As broadband and fast wireless internet access becomes ubiquitous, the demand for online audio and video rich content increases similarly. Rich media content, including rich advertising or other information, provides an opportunity for advertisers and others to reach a significant share of the target market that has drifted away from broadcast television. Internet-based rich media incorporates the high impact and retention properties of TV and radio broadcasts, combined with the captive audience and individualized nature of the personal computer, or PC. By inserting targeted rich content into other streaming media, advertisements and other selected information can be easily and effectively provided to those most likely to be interested in the message presented.
Prior efforts to provide targeted rich media have generally suffered from a number of limitations. In general, prior art solutions have operated only with streaming audio, rather than multiple media (such as audio and video combined.) A typical prior art configuration for streaming includes some type of automation system (a system that plays a list of tracks) which plays the music and advertisements for the radio station. The output of this automation system is often an analog signal, which is connected to the audio input of a sound card on a machine which acts as an encoder. The encoder then compresses the audio and outputs compressed packets to a server, from which the compressed packets are distributed over the internet. Clients connect to the server and listen to the broadcast. In this original architecture, broadcasters would either host their own servers, or would collocate the servers at a high quality Internet Service Provider (ISP) in order to provide the bandwidth needed to service the users. The clients were generally PC's which have software for playing streaming media.
More recently, the need to use bandwidth more efficiently, and to improve performance, has led to the development of hosting providers, often referred to as Content Delivery Networks (CDN's), with servers located at the edge of the network. In such an arrangement, the hosting providers have servers spread throughout the United States and throughout the world. The signal is typically broadcast as a multicast signal over a backbone to the servers which are located near the edge where the users connect. Typically, the broadcast is reconfigured as a unicast stream at that point, and the users connect to the unicast servers. Typical hosting providers of this type include Qwest, Akamai, IBeam, and Enron, as examples.
Recently, wireless internet connections capable of handling streaming media have been introduced, although the data rates for such devices remain limited at present. Broadcasts over wireless connections are typically two-way and connection oriented, rather than multi-cast connections.
Typical prior art clients for streaming media are primarily PC's, but may also be Personal Digital Assistants (PDA's), some cell phones, network-connected stereo systems, and network connected car radio devices.

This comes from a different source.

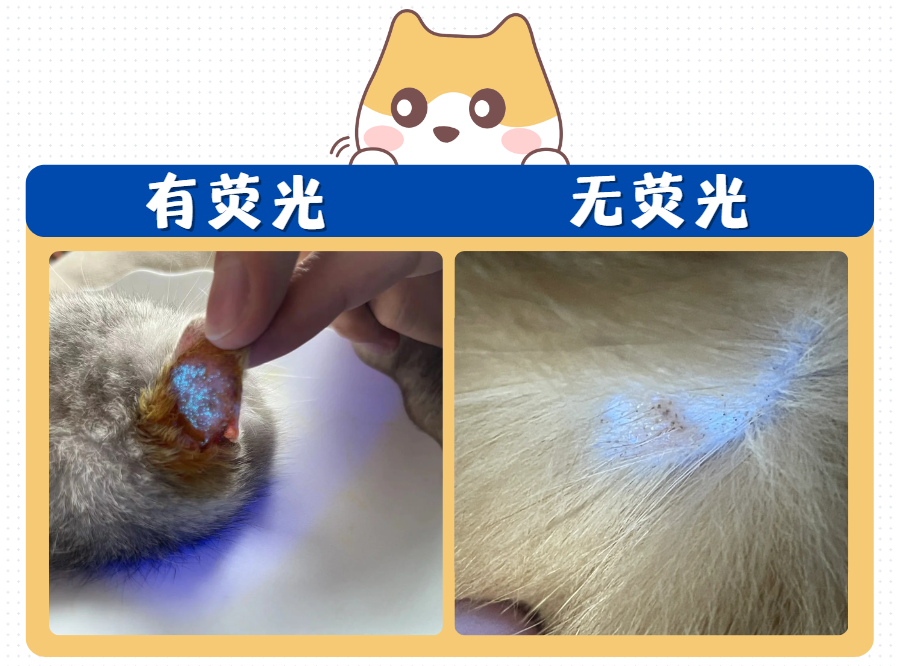 猫癣的诊断方法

In the past, a variety of techniques have been proposed for inserting advertisements into streaming media. In conventional internet broadcasts, the insertion system relies on signals from the automation system to advise when a break will occur in the streaming media of the broadcast. That information, although it does not occur at precise intervals, is typically timetagged and tied to the media stream—for example, in a live radio broadcast, the disc jockey is given a range during which he is to go to a commercial break, but that actual choice of exactly when within that range is up to him. Once he decides, the automation system generates a time-tagged signal which can be recognized by other external devices. The insertion system typically detects the signal from the automation system and responds to it by first deciding what advertisement to insert and then implementing the actual insertion. However, many conventional insertion systems typically insert the advertisement prior to the encoder. This causes all clients to receive the same advertisement, which limits the utility of the insertion process because the advertisements are not targeted, or correlated to the interests of the listener.
In another prior art technique, the advertisements are inserted into the streaming media servers at the point at which the multicast signal is received, but before the edge servers rebroadcast the streaming media to the clients. This arrangement is typically implemented as a plug-in for the streaming media edge server. This approach offers only limited targeting in that every listener associated with a single edge server receives the same advertisement—or what is roughly geographic location based targeting.
A further prior art technique involves insertion of the advertisement at the client itself. In this case, special client software is typically required to be resident on the client machine, and advertisements are typically “trickled down” to the client (downloaded onto the client in the background using limited bandwidth) and cached at the client itself. Then, when an ad insertion signal is detected, the ad is pulled from the client cache and inserted locally. This technique creates numerous limitations, not the least of which is the use of client storage as well as the security risk associated with storing the inserted content locally at the client.
As a result, there has been a need for an information insertion technique which allows user-specific targeting, provides for good security of the content without requiring local caching, offers ease of use and maintenance, and does not require special client-side downloads.